TRY IT
With the line containing "Gvc*1 GG Marmont" as the start and the line containing "1,969M² WAREHOUSE TO LET IN CLAYVILLE" as the end, transcribe that span of the entries below exactly, including both.

EXCERPTED DATA
[Start of section]

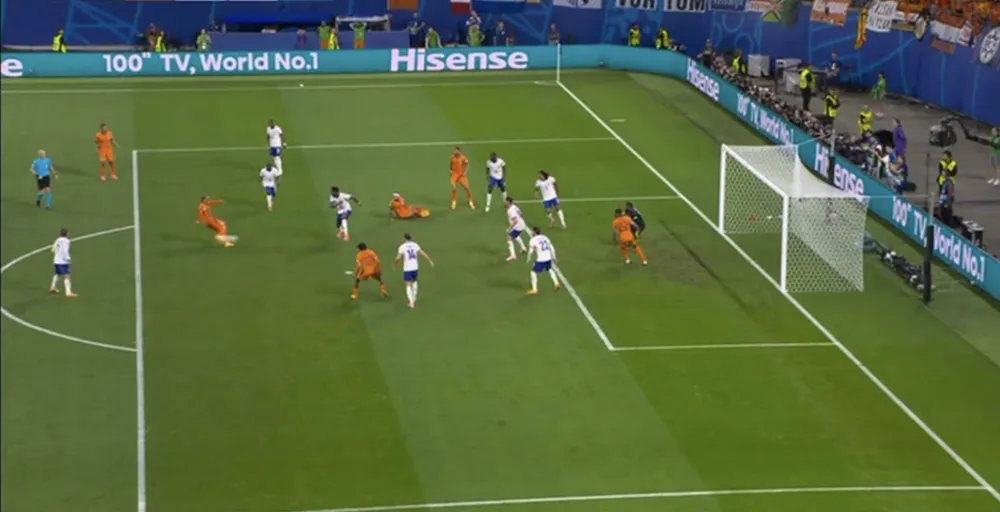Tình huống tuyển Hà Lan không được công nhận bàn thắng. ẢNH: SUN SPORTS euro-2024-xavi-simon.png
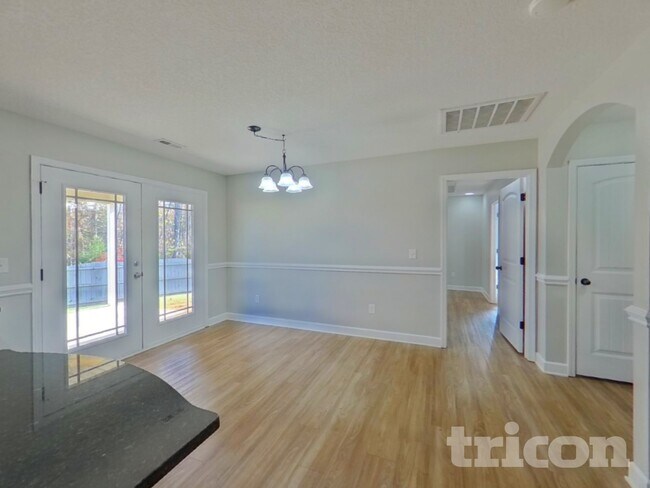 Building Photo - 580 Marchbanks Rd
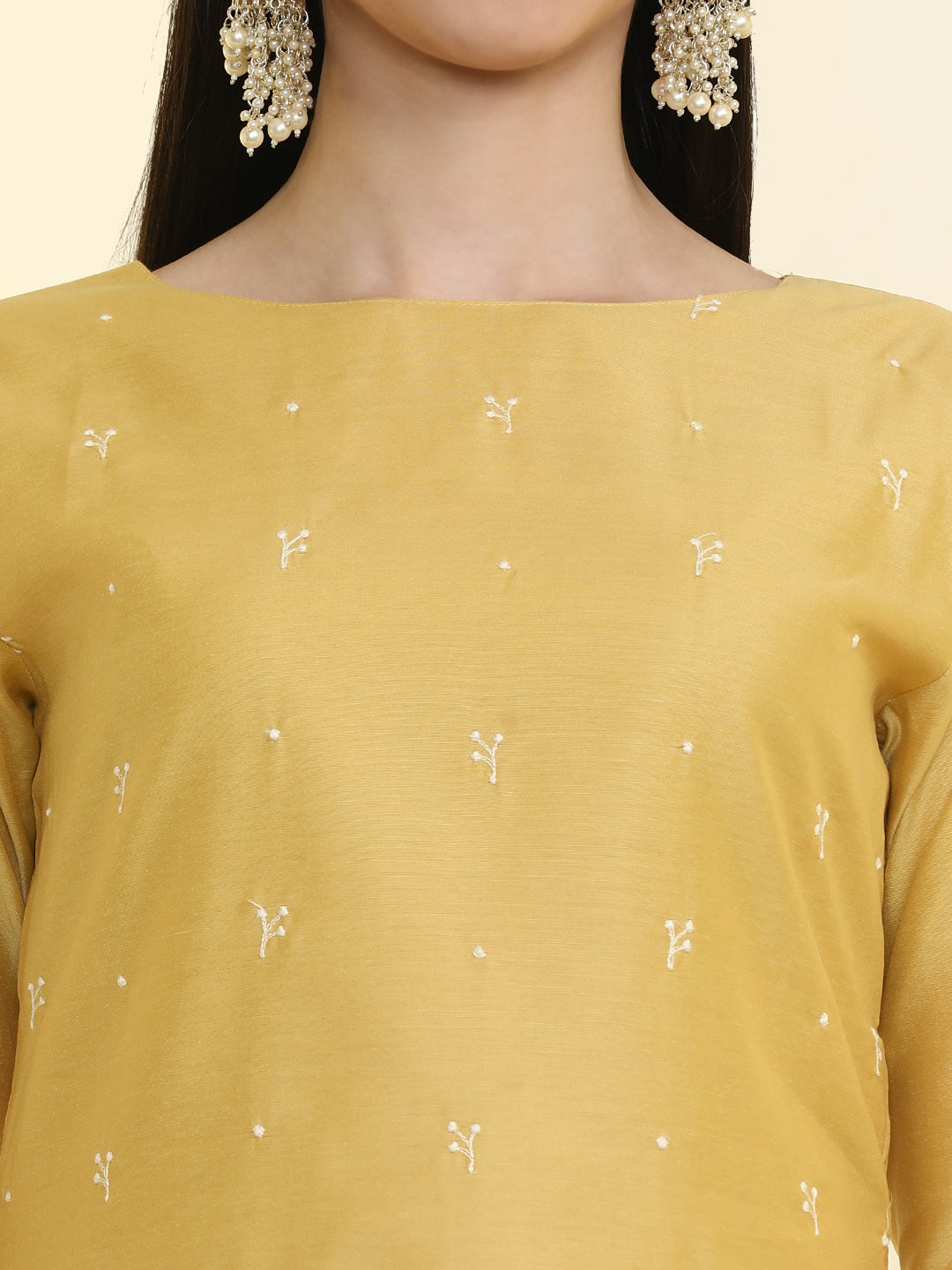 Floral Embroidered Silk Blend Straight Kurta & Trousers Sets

[End of section]
[Start of section]

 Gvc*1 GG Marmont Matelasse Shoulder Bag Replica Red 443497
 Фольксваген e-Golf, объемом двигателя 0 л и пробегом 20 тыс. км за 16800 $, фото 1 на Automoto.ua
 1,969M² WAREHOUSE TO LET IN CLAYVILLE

[End of section]
[Start of section]

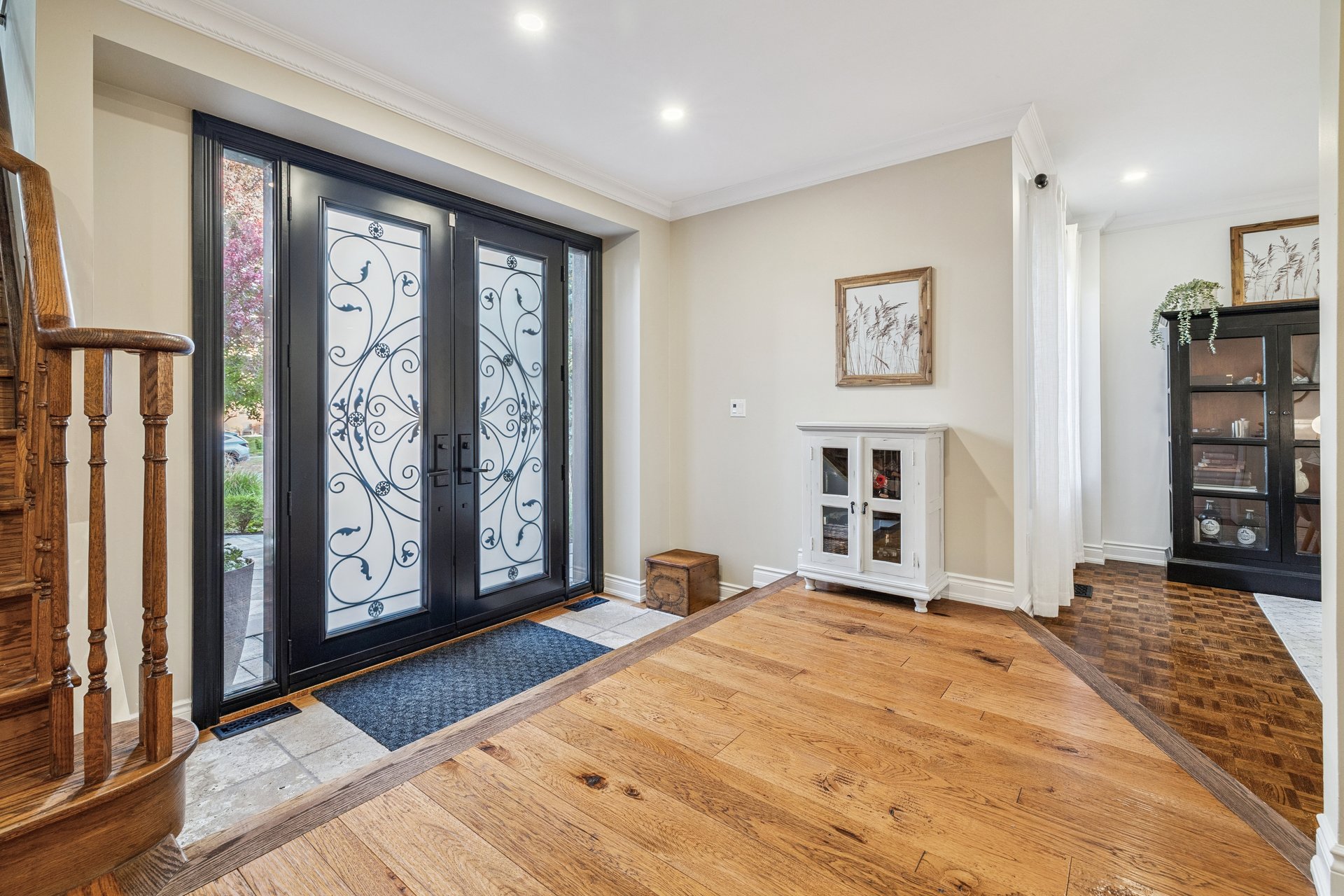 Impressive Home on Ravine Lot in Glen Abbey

[End of section]

COMPLETED TASK
 Gvc*1 GG Marmont Matelasse Shoulder Bag Replica Red 443497
 Фольксваген e-Golf, объемом двигателя 0 л и пробегом 20 тыс. км за 16800 $, фото 1 на Automoto.ua
 1,969M² WAREHOUSE TO LET IN CLAYVILLE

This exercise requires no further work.